- TASK REQUIREMENTS -
The listing that follows must be retyped exactly, without its pictures.

- THE DATA -
▬▬▬▬▬▬▬▬▬▬

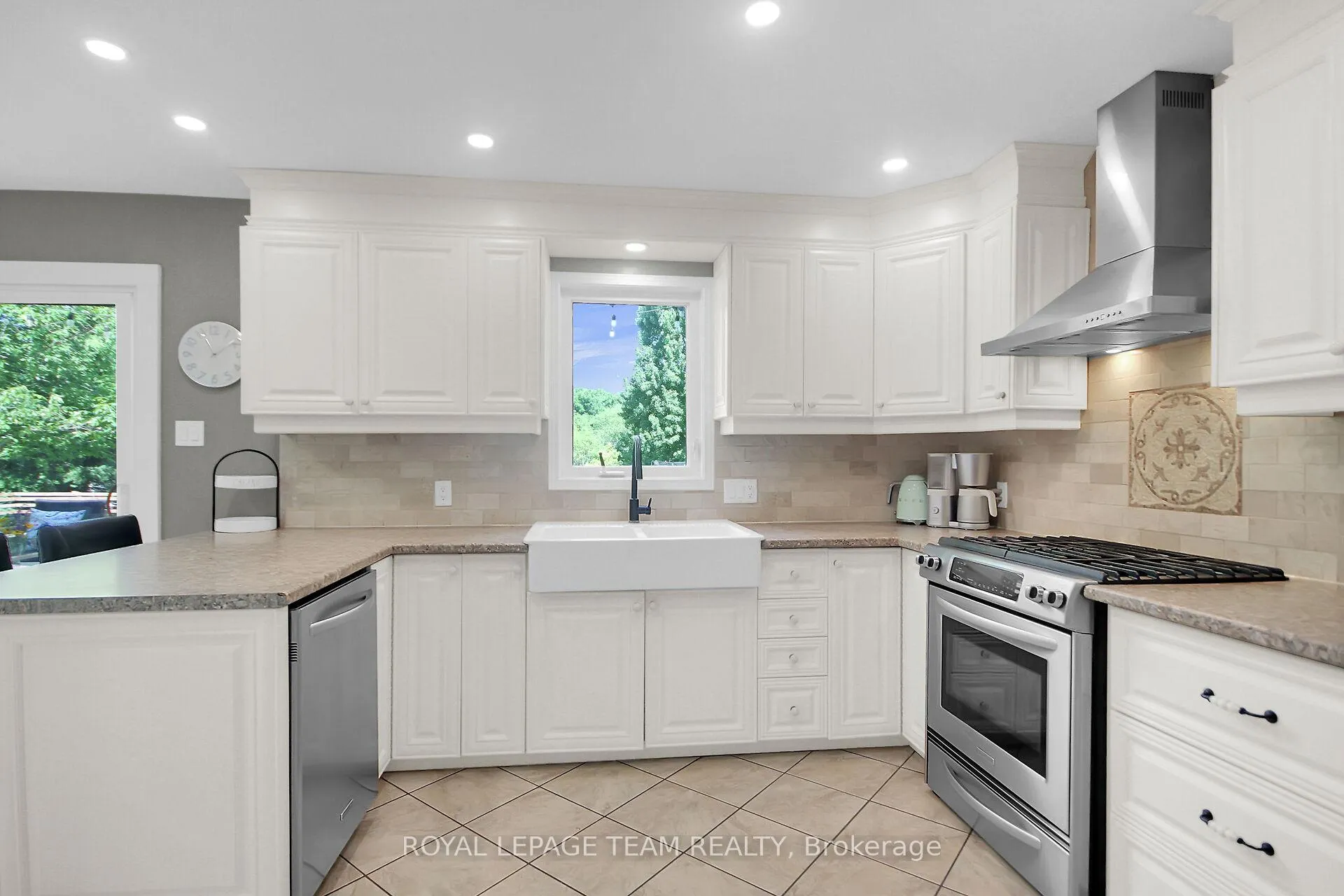 Photo 15 of 7117 Quinnfield Way, Ottawa, Greely — HOMEH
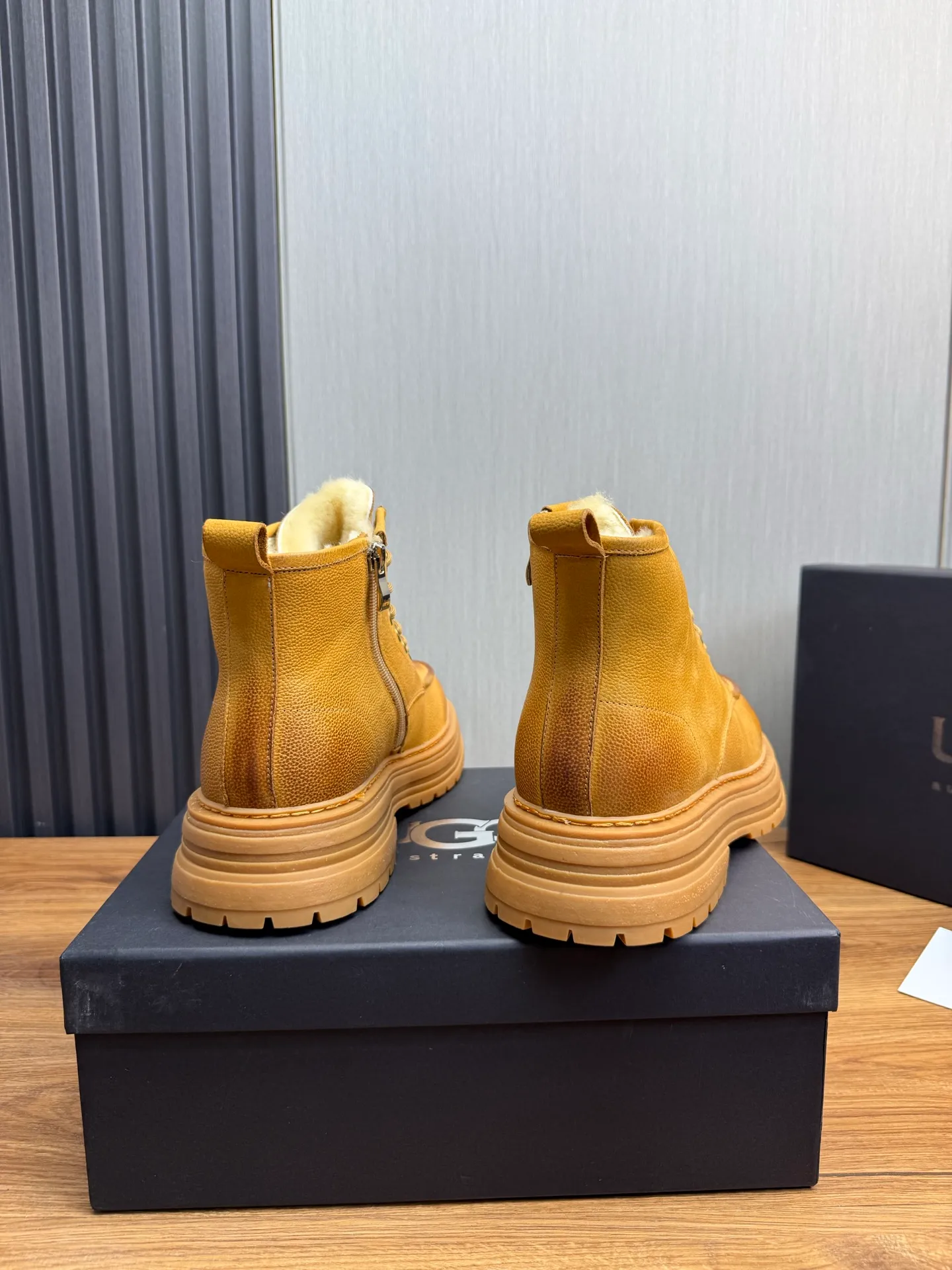Factory price 680💰 [UGG] Men's hot winter warm boots🐑Simple and fashionable design, cowhide➕comfortable and warm wool lining. Soft and comfortable to wear, good warmth retention, and excellent foot feel. Regular size 38-45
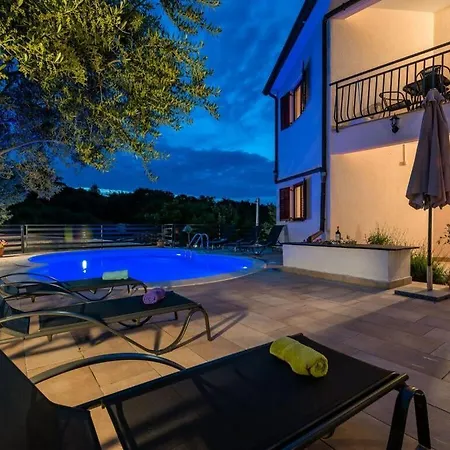 Holiday home Lara Iv With Panoramic View And Pool Labin (Istria)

▬▬▬▬▬▬▬▬▬▬

- OUTPUT -
 Photo 15 of 7117 Quinnfield Way, Ottawa, Greely — HOMEH
Factory price 680💰 [UGG] Men's hot winter warm boots🐑Simple and fashionable design, cowhide➕comfortable and warm wool lining. Soft and comfortable to wear, good warmth retention, and excellent foot feel. Regular size 38-45
 Holiday home Lara Iv With Panoramic View And Pool Labin (Istria)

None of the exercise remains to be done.